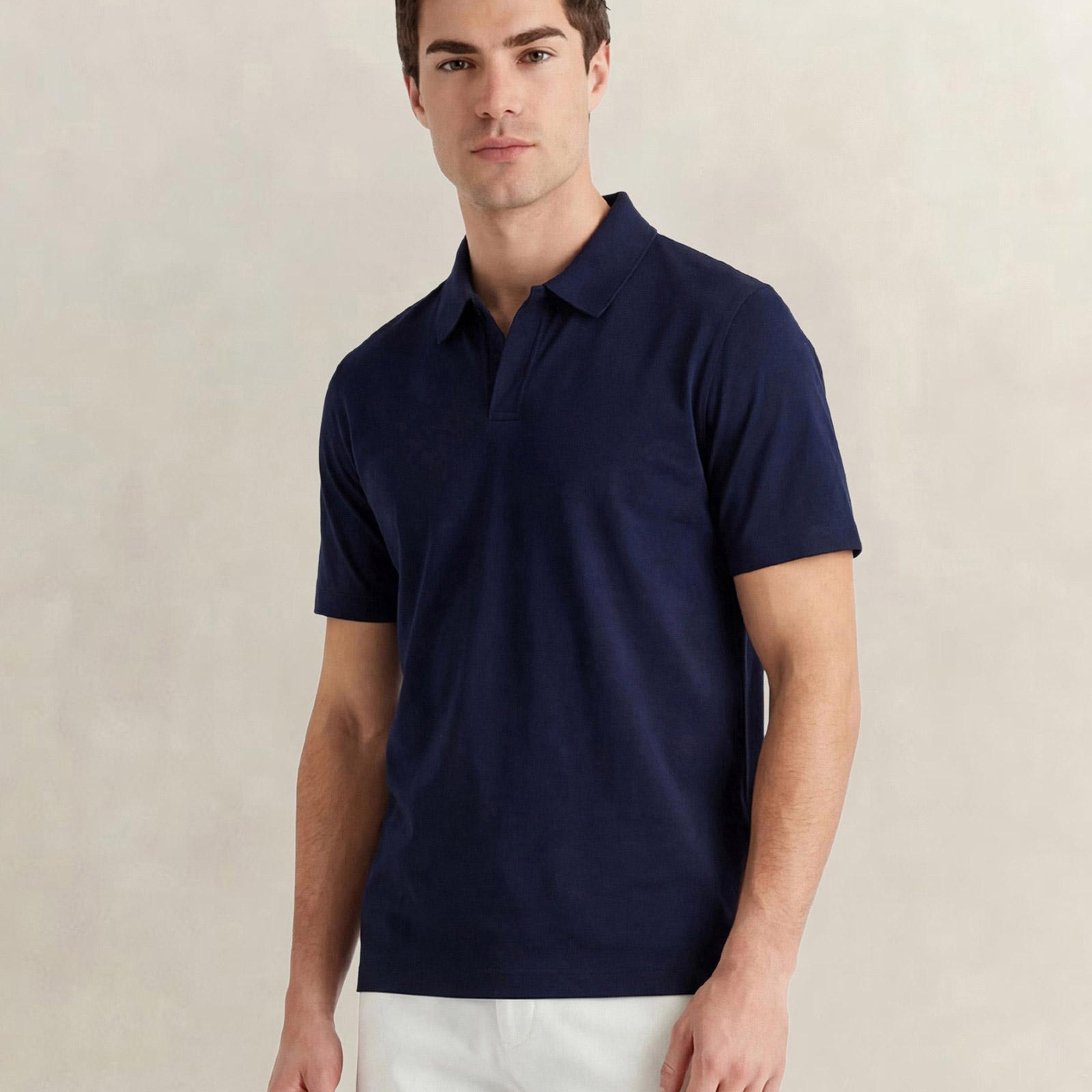 GANT Erkek Lacivert Regular Fit Polo Yaka T-Shirt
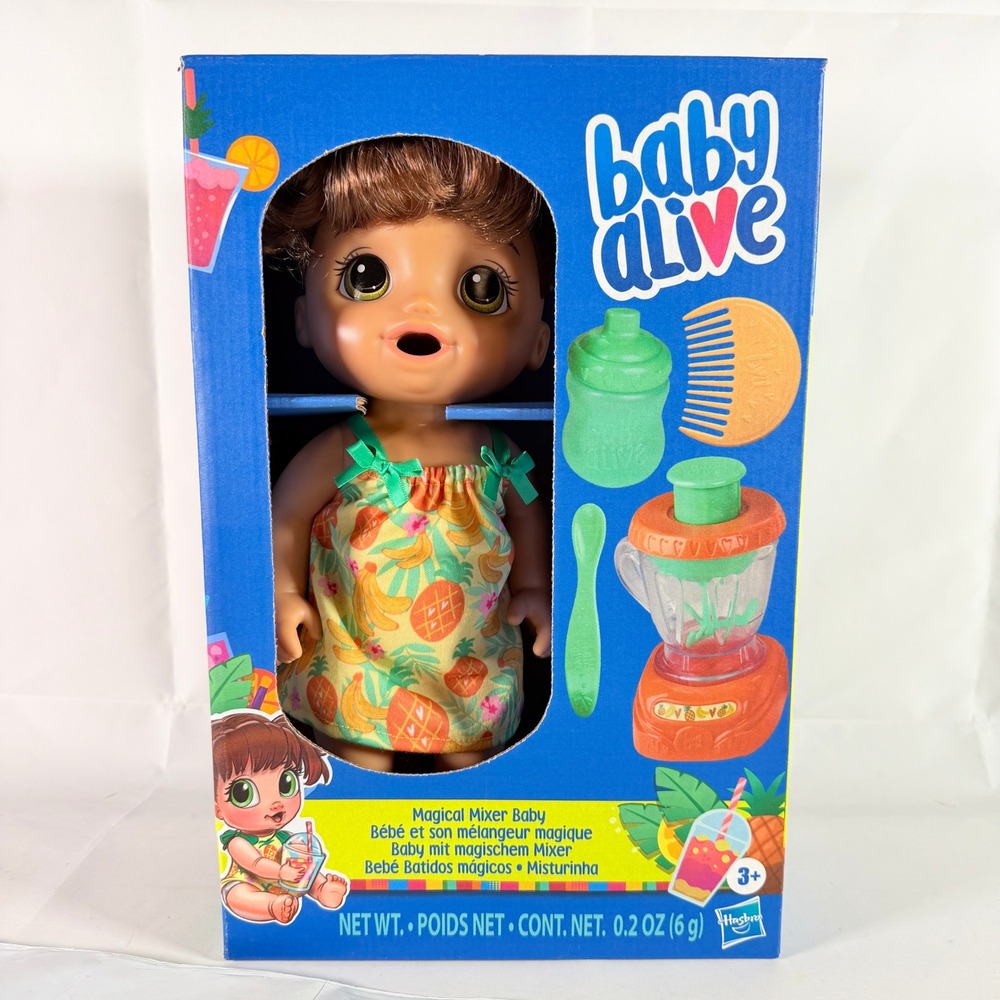 Baby Alive Magical Mixer Baby Doll Tropical Treat Brown Hair Blender Toy New
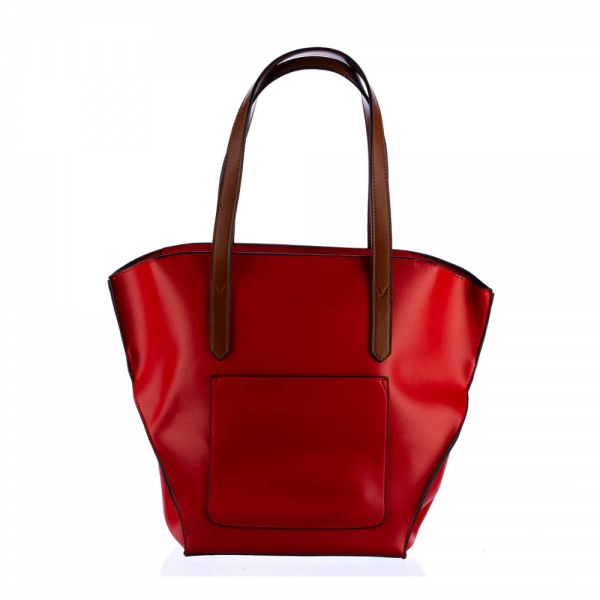 Γυναικεία τσάντα Jacques Esterel Κόκκινο με Καφέ οικολογικό δέρμα, 5 - Kalapod.gr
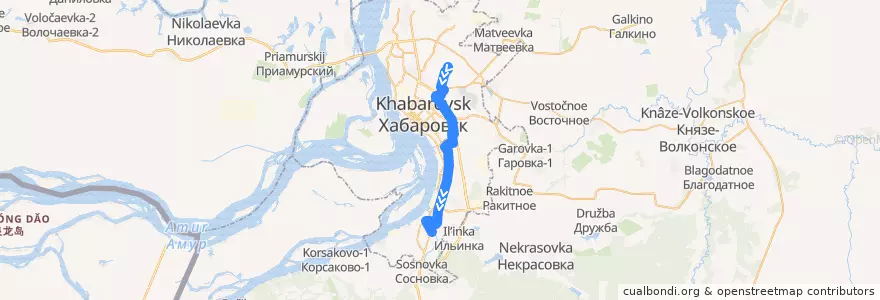 Mapa del recorrido Автобус 40: Весовая овощесовхоза - Химфармзавод de la línea  en Khabarovsk.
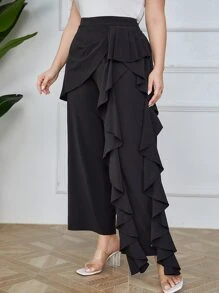 Mulvari Quần Plus Size Xù màu trơn Thanh lịch - màu đen - Xem 6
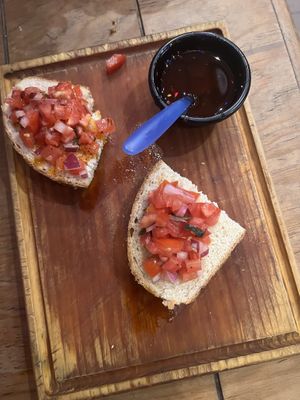 Bruschetta (free)  at Santas Iguanas in Sayulita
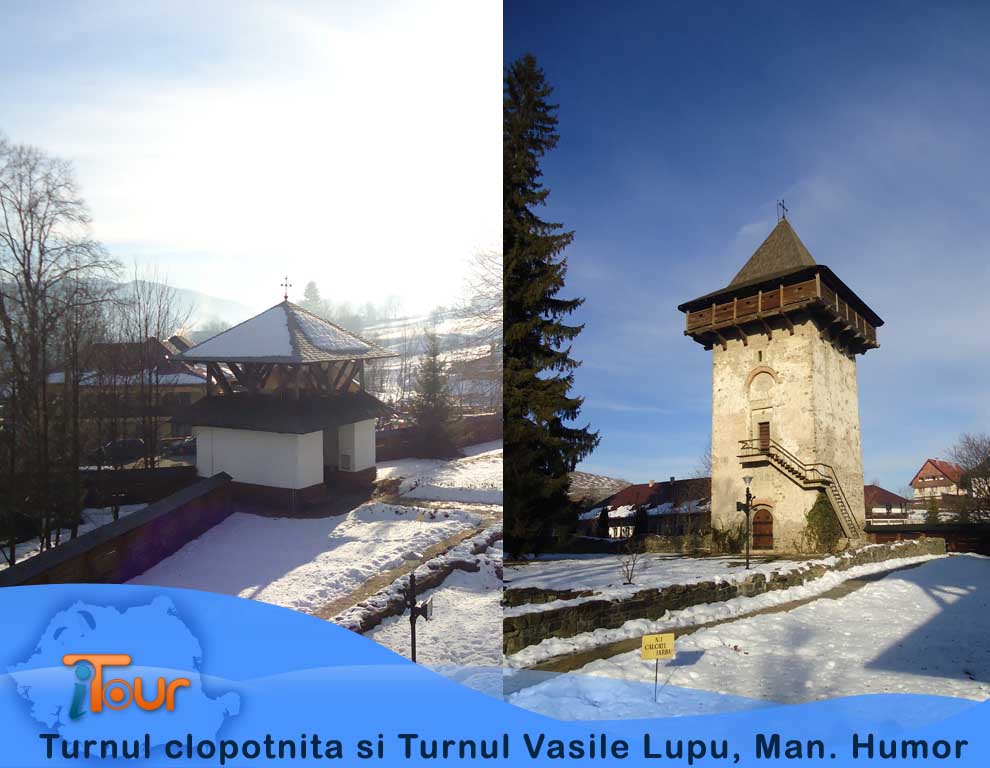 Manastirea Humor, Turnul clopotnita si Turnul Vasile Lupu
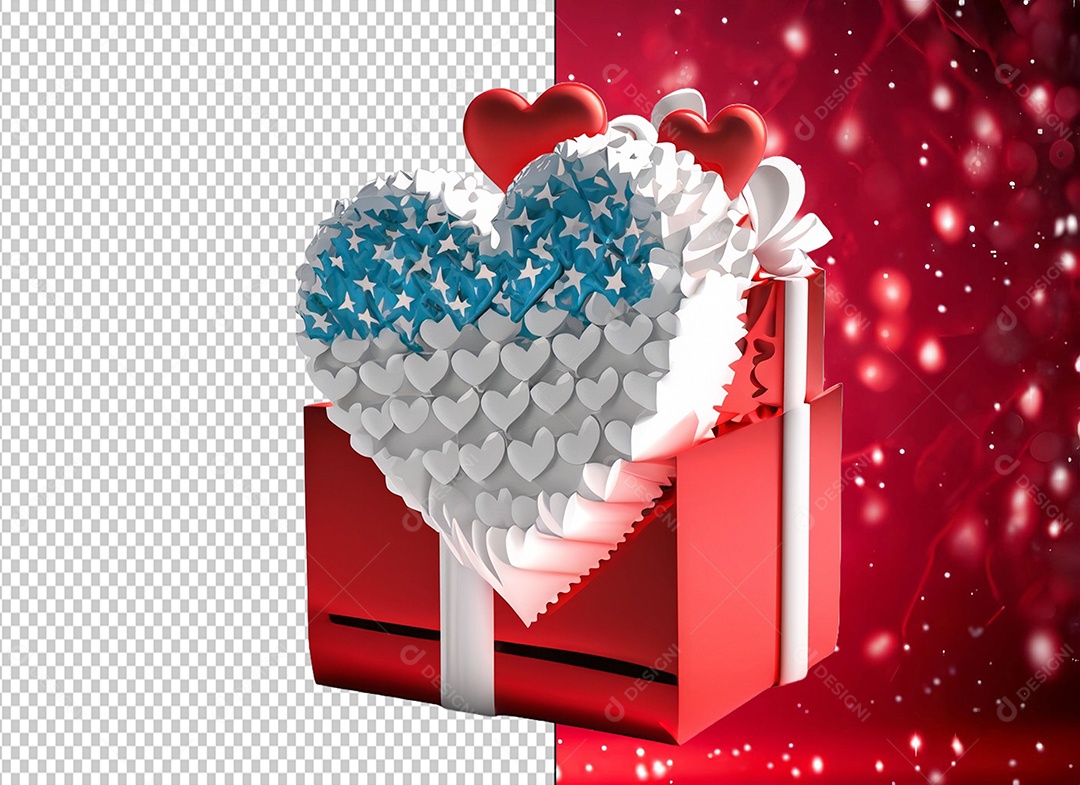 Caixa de Presente para Dia dos Namorados em Forma de Coração Elemento 3D Branco Azul e Vermelho para Composição PSD
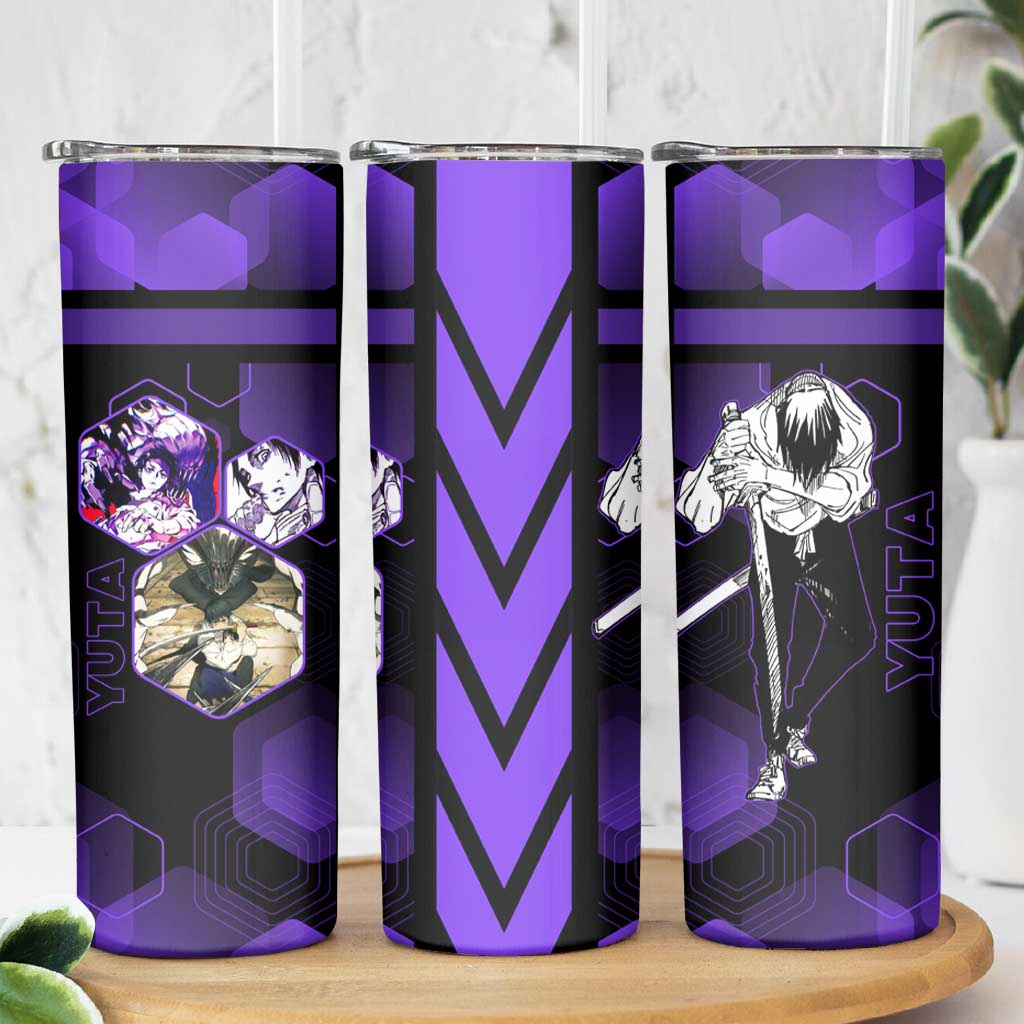 Yuta Okkotsu Jujutsu Kaisen Skinny Tumbler Purple Hexagon Design - The Mazicc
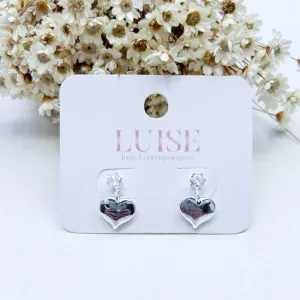 Brinco Pingente Coração e Zirconia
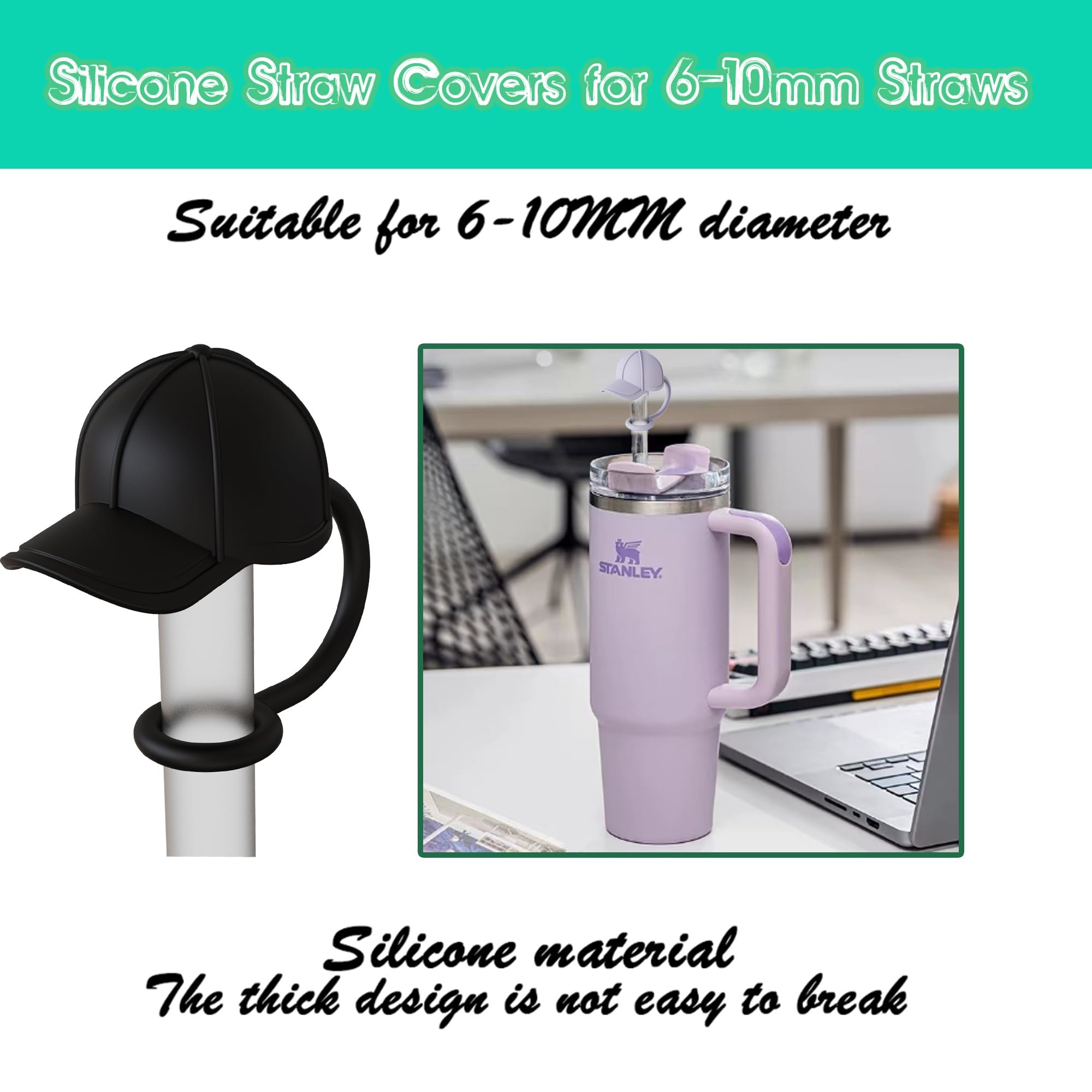 Silicone Flower Straw Toppers Reusable Covers And Caps For 9-10mm Straws Fits Stanley 30 & 40oz Stambler Stanley Cap Lid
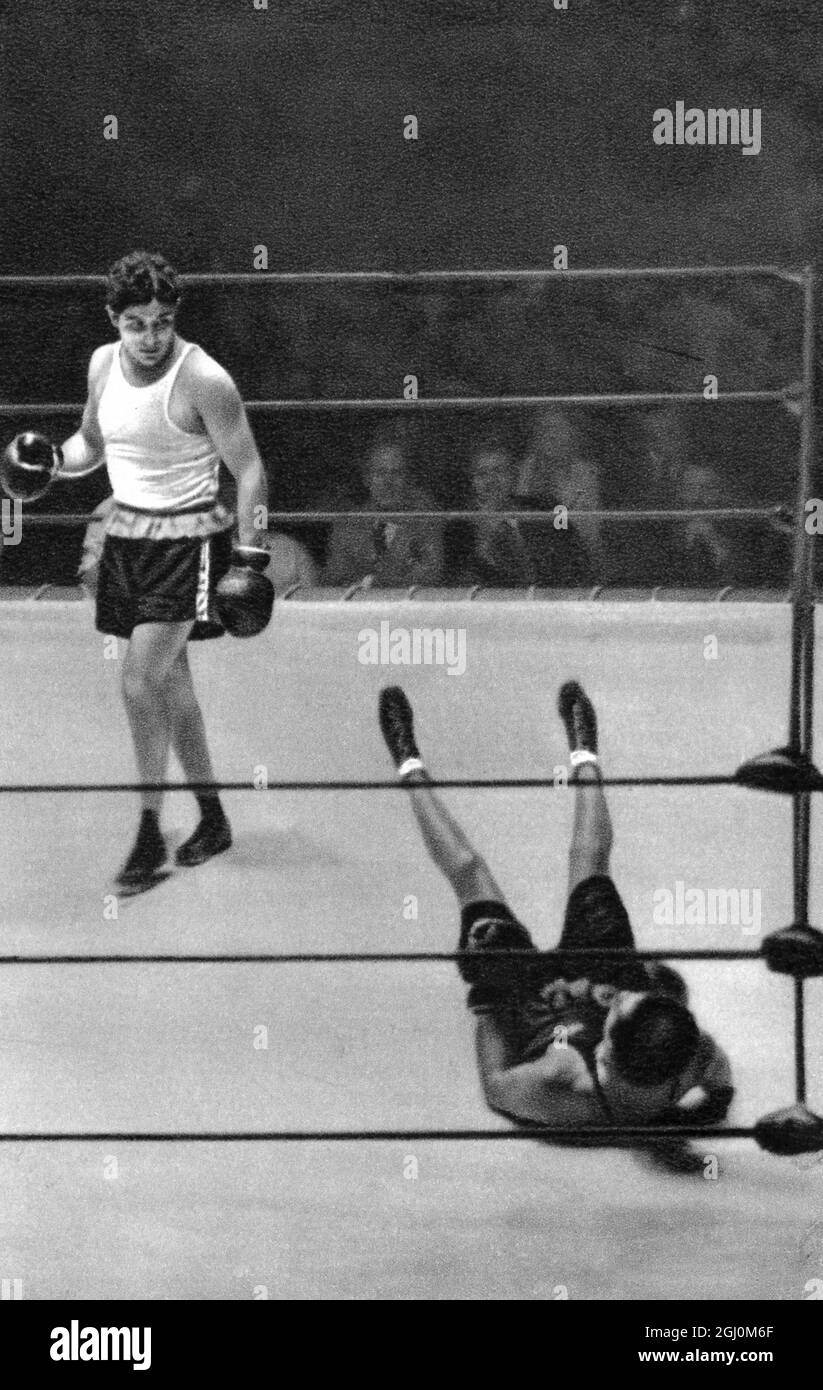 Boxers Middleweight 1932 Olympic Games, Los Angeles, USA, Middleweight Boxers Amado Azar, per l'Argentina e Aldo Longinotti per l'Italia Foto Stock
—————
**What the task asks**
Every line of the listing is to be repeated exactly, and the pictures are to be dropped.

**Reply**
 GANT Erkek Lacivert Regular Fit Polo Yaka T-Shirt
 Baby Alive Magical Mixer Baby Doll Tropical Treat Brown Hair Blender Toy New
 Γυναικεία τσάντα Jacques Esterel Κόκκινο με Καφέ οικολογικό δέρμα, 5 - Kalapod.gr
 Mapa del recorrido Автобус 40: Весовая овощесовхоза - Химфармзавод de la línea  en Khabarovsk.
 Mulvari Quần Plus Size Xù màu trơn Thanh lịch - màu đen - Xem 6
 Bruschetta (free)  at Santas Iguanas in Sayulita
 Manastirea Humor, Turnul clopotnita si Turnul Vasile Lupu
 Caixa de Presente para Dia dos Namorados em Forma de Coração Elemento 3D Branco Azul e Vermelho para Composição PSD
 Yuta Okkotsu Jujutsu Kaisen Skinny Tumbler Purple Hexagon Design - The Mazicc
 Brinco Pingente Coração e Zirconia
 Silicone Flower Straw Toppers Reusable Covers And Caps For 9-10mm Straws Fits Stanley 30 & 40oz Stambler Stanley Cap Lid
 Boxers Middleweight 1932 Olympic Games, Los Angeles, USA, Middleweight Boxers Amado Azar, per l'Argentina e Aldo Longinotti per l'Italia Foto Stock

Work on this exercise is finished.